- _Instructions for the task_
Reproduce the records below exactly, leaving their images out.

- _Material for the task_

•••

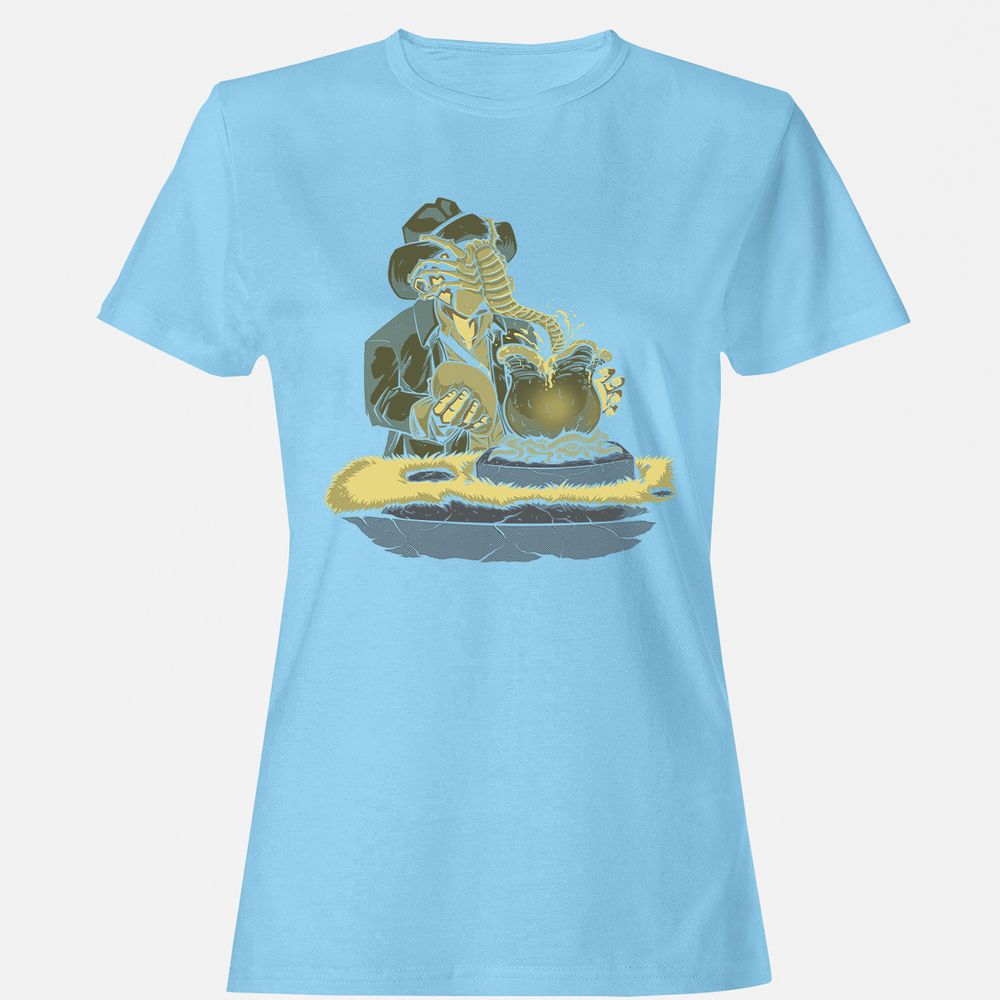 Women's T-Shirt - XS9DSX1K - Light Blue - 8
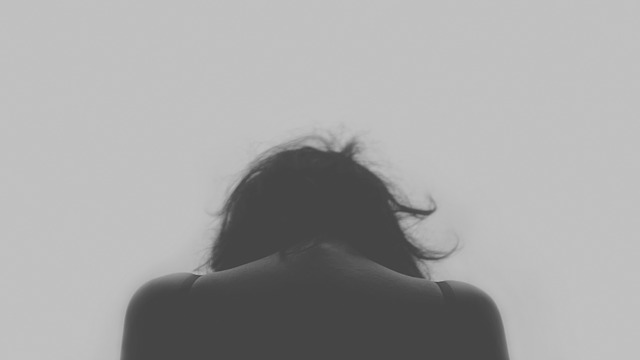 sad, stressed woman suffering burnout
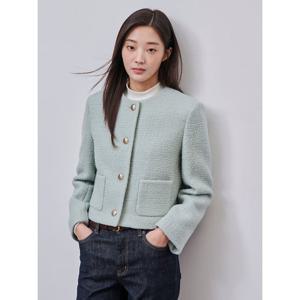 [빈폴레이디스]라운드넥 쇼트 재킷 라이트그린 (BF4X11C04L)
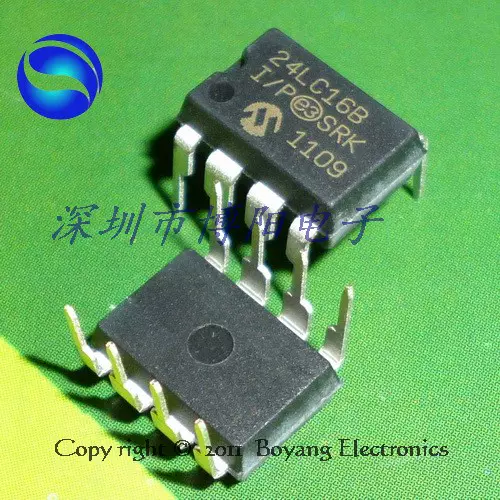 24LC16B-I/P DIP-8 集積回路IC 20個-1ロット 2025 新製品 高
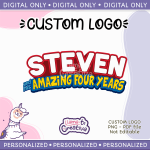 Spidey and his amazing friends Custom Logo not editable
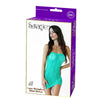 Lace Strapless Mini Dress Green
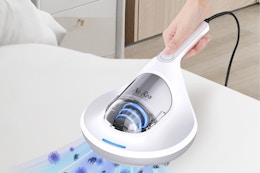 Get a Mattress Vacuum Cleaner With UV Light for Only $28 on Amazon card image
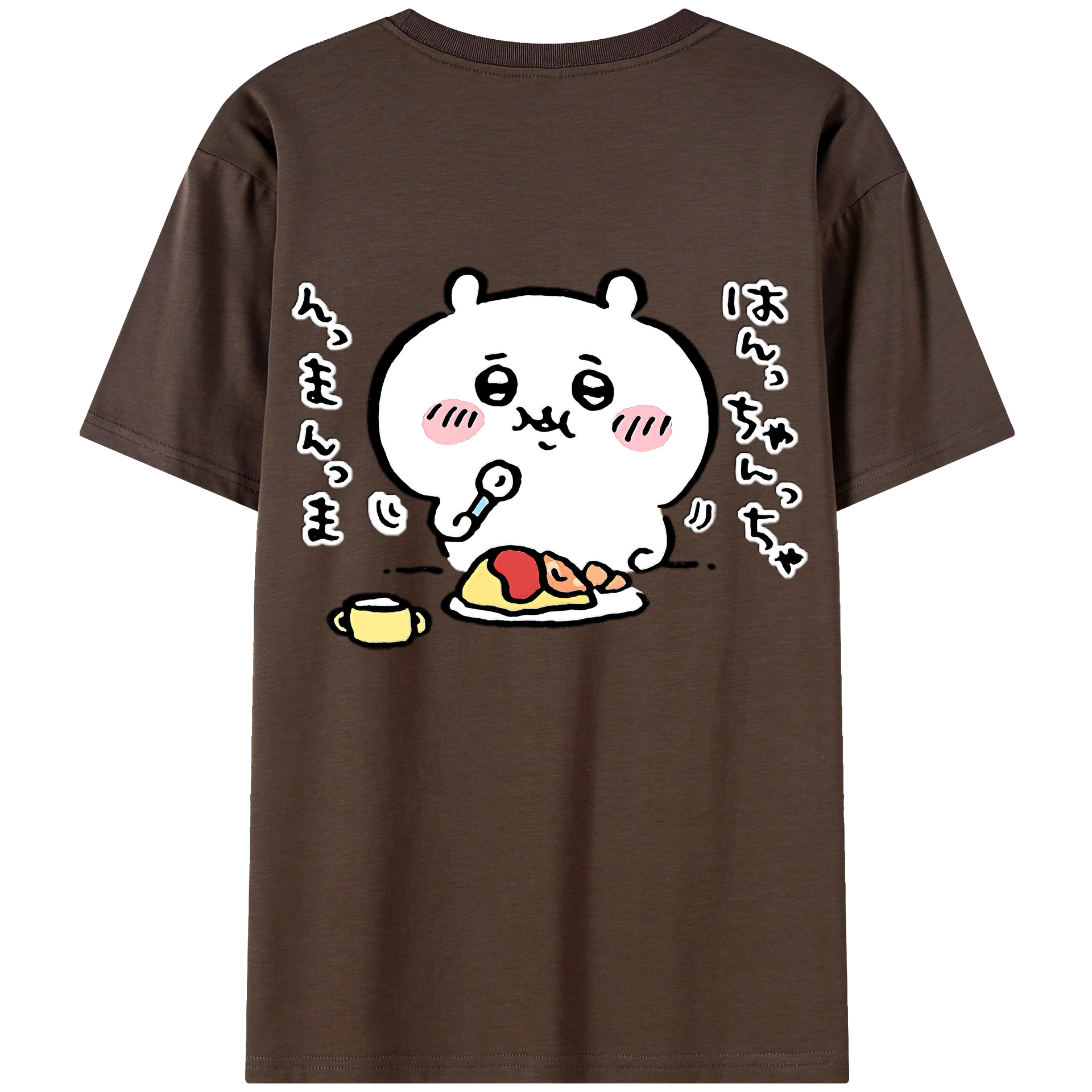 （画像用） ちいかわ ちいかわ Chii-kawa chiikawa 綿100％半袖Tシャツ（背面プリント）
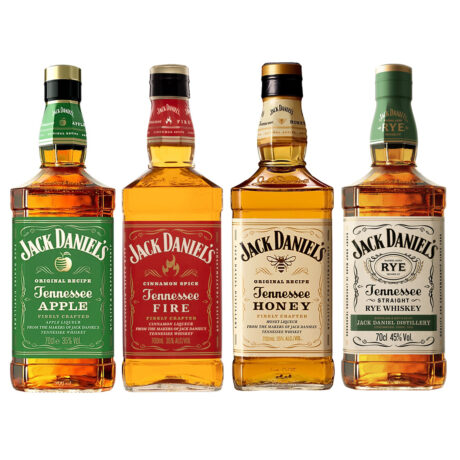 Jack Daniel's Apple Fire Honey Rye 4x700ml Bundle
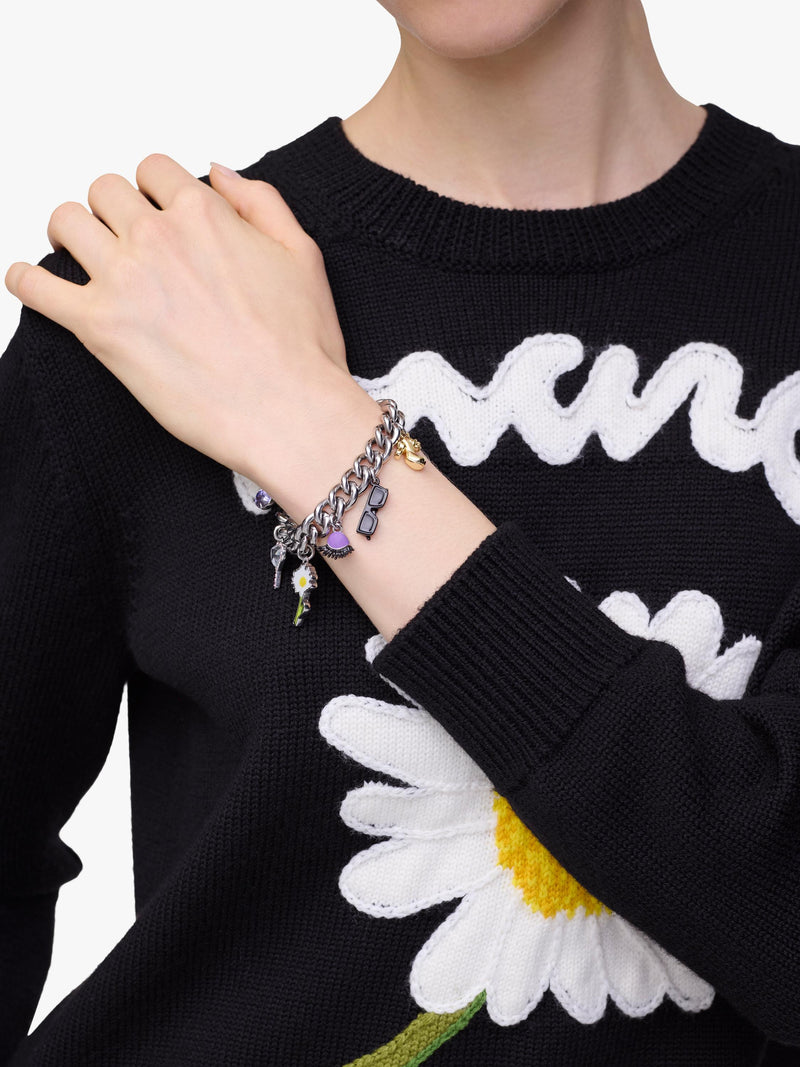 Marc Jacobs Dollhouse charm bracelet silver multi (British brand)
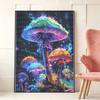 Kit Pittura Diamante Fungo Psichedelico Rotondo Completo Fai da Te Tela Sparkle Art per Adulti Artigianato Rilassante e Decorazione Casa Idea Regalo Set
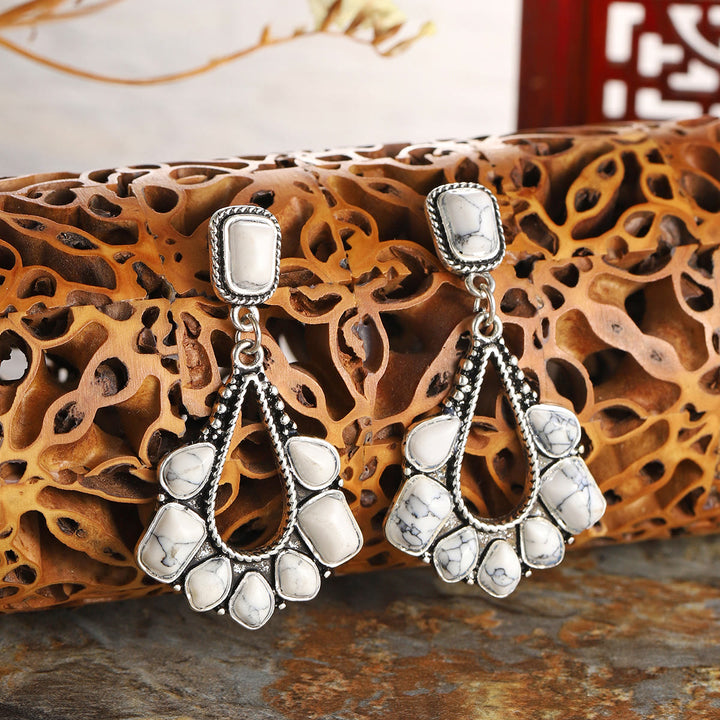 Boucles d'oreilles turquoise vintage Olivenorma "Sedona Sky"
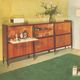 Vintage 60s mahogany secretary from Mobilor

•••

- _Result for this task_
 Women's T-Shirt - XS9DSX1K - Light Blue - 8
 sad, stressed woman suffering burnout
 [빈폴레이디스]라운드넥 쇼트 재킷 라이트그린 (BF4X11C04L)
 24LC16B-I/P DIP-8 集積回路IC 20個-1ロット 2025 新製品 高
 Spidey and his amazing friends Custom Logo not editable
 Lace Strapless Mini Dress Green
 Get a Mattress Vacuum Cleaner With UV Light for Only $28 on Amazon card image
 （画像用） ちいかわ ちいかわ Chii-kawa chiikawa 綿100％半袖Tシャツ（背面プリント）
 Jack Daniel's Apple Fire Honey Rye 4x700ml Bundle
 Marc Jacobs Dollhouse charm bracelet silver multi (British brand)
 Kit Pittura Diamante Fungo Psichedelico Rotondo Completo Fai da Te Tela Sparkle Art per Adulti Artigianato Rilassante e Decorazione Casa Idea Regalo Set
 Boucles d'oreilles turquoise vintage Olivenorma "Sedona Sky"
 Vintage 60s mahogany secretary from Mobilor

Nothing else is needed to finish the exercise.